Dal dover fare e essere al sentirsi di poter fare e poter essere
Sentirsi responsabili è un obbligo condizionato che spesso sentiamo imposto sin dai primi anni di vita.
Pare che l’educazione alla responsabilità aiuti a crescere in salute e con coscienziosità e determinazione; a lasciare perdere ciò che è inutile e può distrarre lungo la propria strada.
È una possibilità, non si può negare.
Crescendo sentiamo risuonare in noi la responsabilità al dovere, nelle relazioni, con i nostri familiari, anche nel mondo del lavoro.

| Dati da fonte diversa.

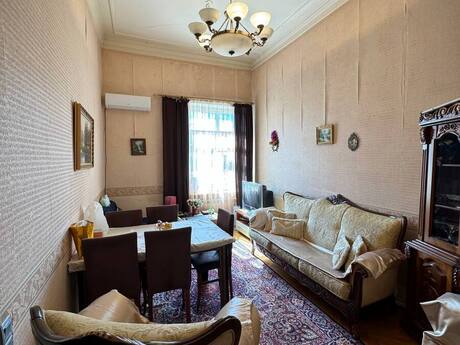 3 otaqlı köhnə tikili - İçəri Şəhər m. - 75 m²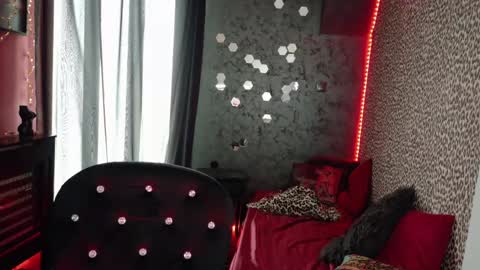 ALISSA online show from April 24, 12:30 pm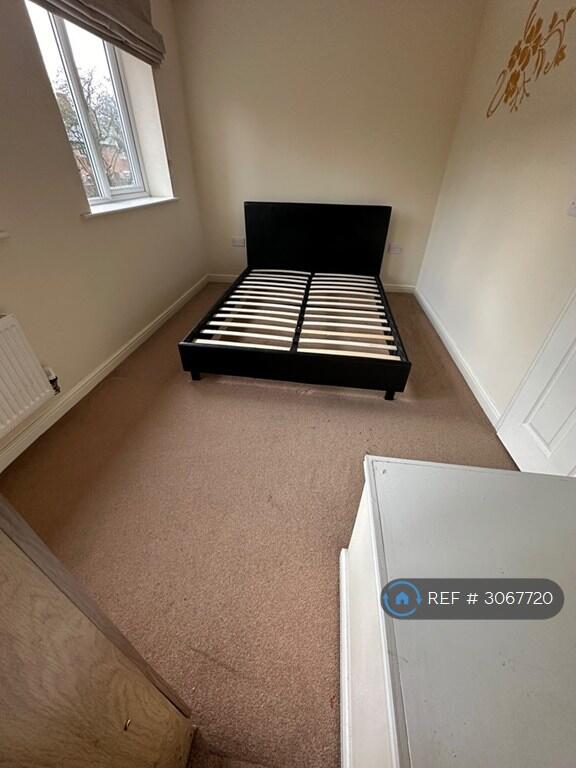 House in Manchester, Greater Manchester - More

Esiste però un fraintendimento di fondo.
Responsabilità è una parola che nel tempo è diventata sinonimo di fatica, impegno, dovere, quasi un peso che dobbiamo portare sulle spalle.
La responsabilità viene prima di tutto il resto, portare a termine i propri doveri sembra l’unica strada per essere felici. “Ho fatto il mio” si dice spesso, “ho fatto quel che dovevo” potremmo tradurre.
Responsabilità non significa però “dovere” ma “capacità di rispondere” anche attraverso comportamenti, verbali e non, che siano responsivi, diretti all’altro, individuo o gruppo, a fronte di una richiesta ricevuta o per iniziativa personale.
Questo significato aggiornare il nostro modo di intendere l’essere responsabili.
Lo rende non solo il “dovere essere” ma il “sentirsi”, offrendoci la possibilità di risposte creative, personali e non solo di comportamenti automatici, dettati dalle regole del sistema in cui lavoriamo.
Ben inteso, ciò non significa che non ci siano regole che devono essere rispettate per garantire il benessere comune.
Immaginiamo di osservare il dipinto di un paesaggio, racchiuso in una preziosa cornice intagliata, spessa, solida. Possiamo vederlo in due dimensioni e coglierne tutti i particolari. Possiamo annotare i personaggi presenti, le colline gli alberi…
Ma se provassimo a Guardarlo in tre dimensioni? Se ci lasciassimo conquistare dalla prospettiva e potessimo andare oltre, sentire l’erba sotto i piedi, provare ascoltare i rumori e annusare i profumi? Non usciremmo dalla cornice, semplicemente riusciremmo a sentirci incorniciati diversamente.
Il “dovere” ci permette di vedere il mondo del lavoro in due dimensioni, il “sentirsi di potere” è invece in 3D, proprio come la consapevolezza.